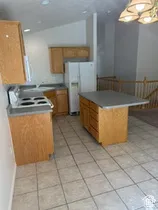 Kitchen featuring wood-finish cabinetry, tile flooring, and a central island with countertop space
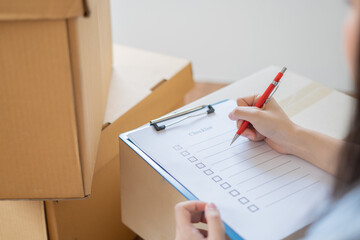 Asian woman checking and packing the carton box prepare to move to new house relocation shipping or check goods package before delivery to customer from online shopping by checklist
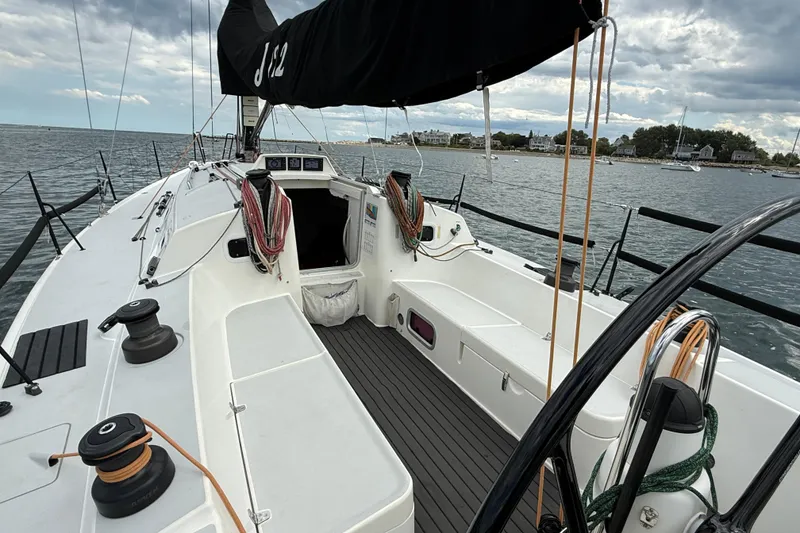 Slide: The Image of 2013 J Boats J/122 sailboat cockpit with ropes, winches, and open cabin on calm water. - 20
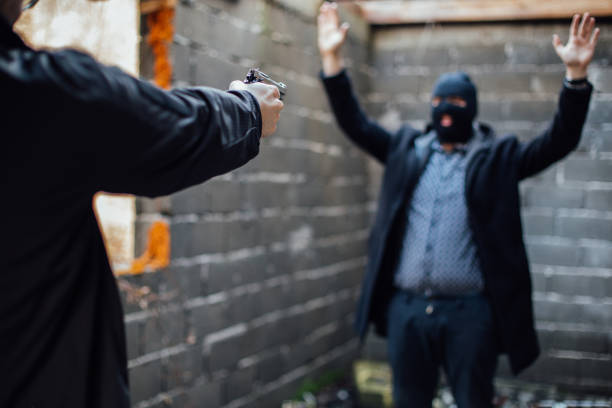 a man pointing a gun to another man whose face is covered with cap - gun handgun violence kidnapping imagens e fotografias de stock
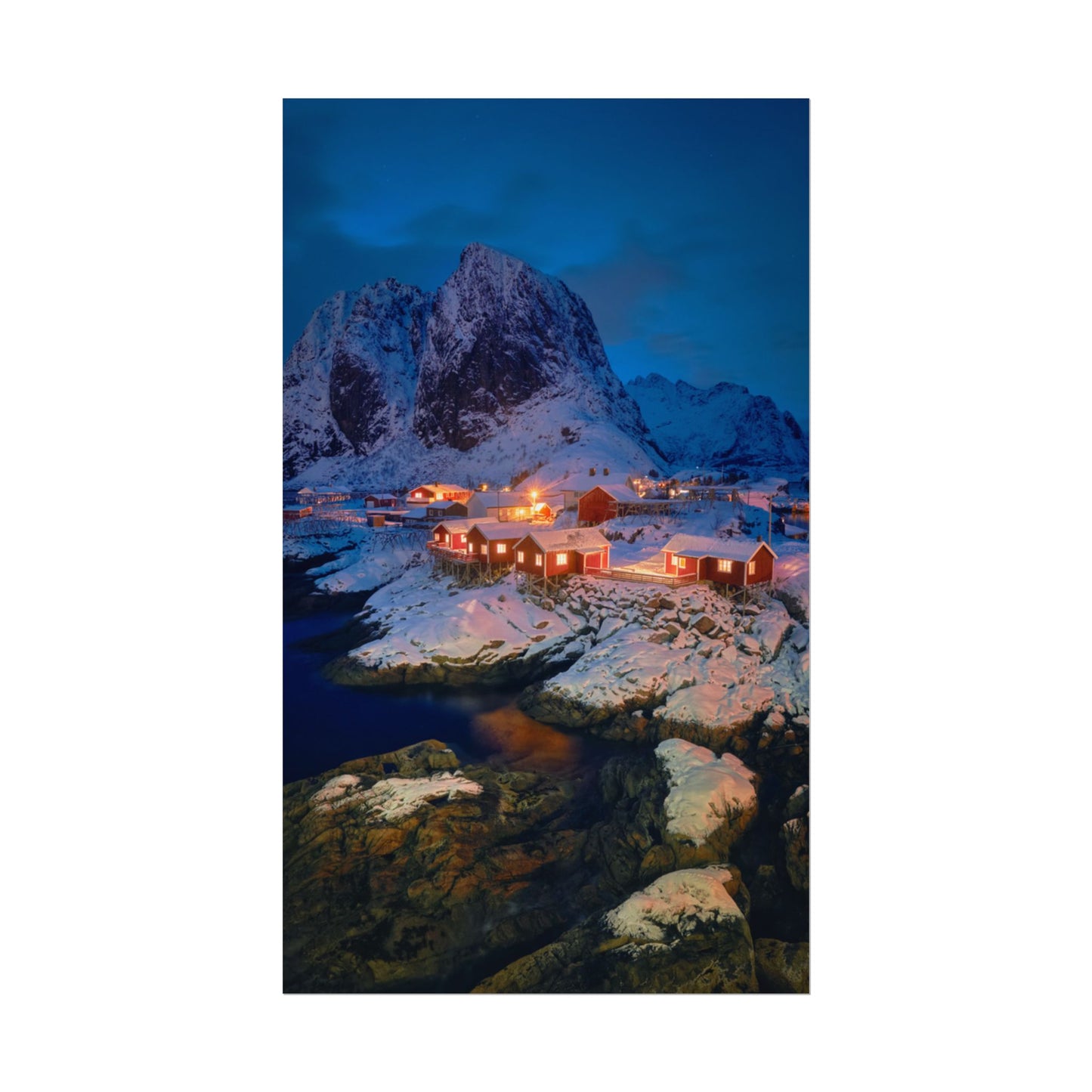 Snowy mountain village with illuminated buildings at night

★ ★ ★

→ What you are asked to do
From the line holding "Slide: The Image" to the last line of the listing, please output each line exactly as it stands. Pictures stay out of the copy.

→ Finished task
 Slide: The Image of 2013 J Boats J/122 sailboat cockpit with ropes, winches, and open cabin on calm water. - 20
 a man pointing a gun to another man whose face is covered with cap - gun handgun violence kidnapping imagens e fotografias de stock
 Snowy mountain village with illuminated buildings at night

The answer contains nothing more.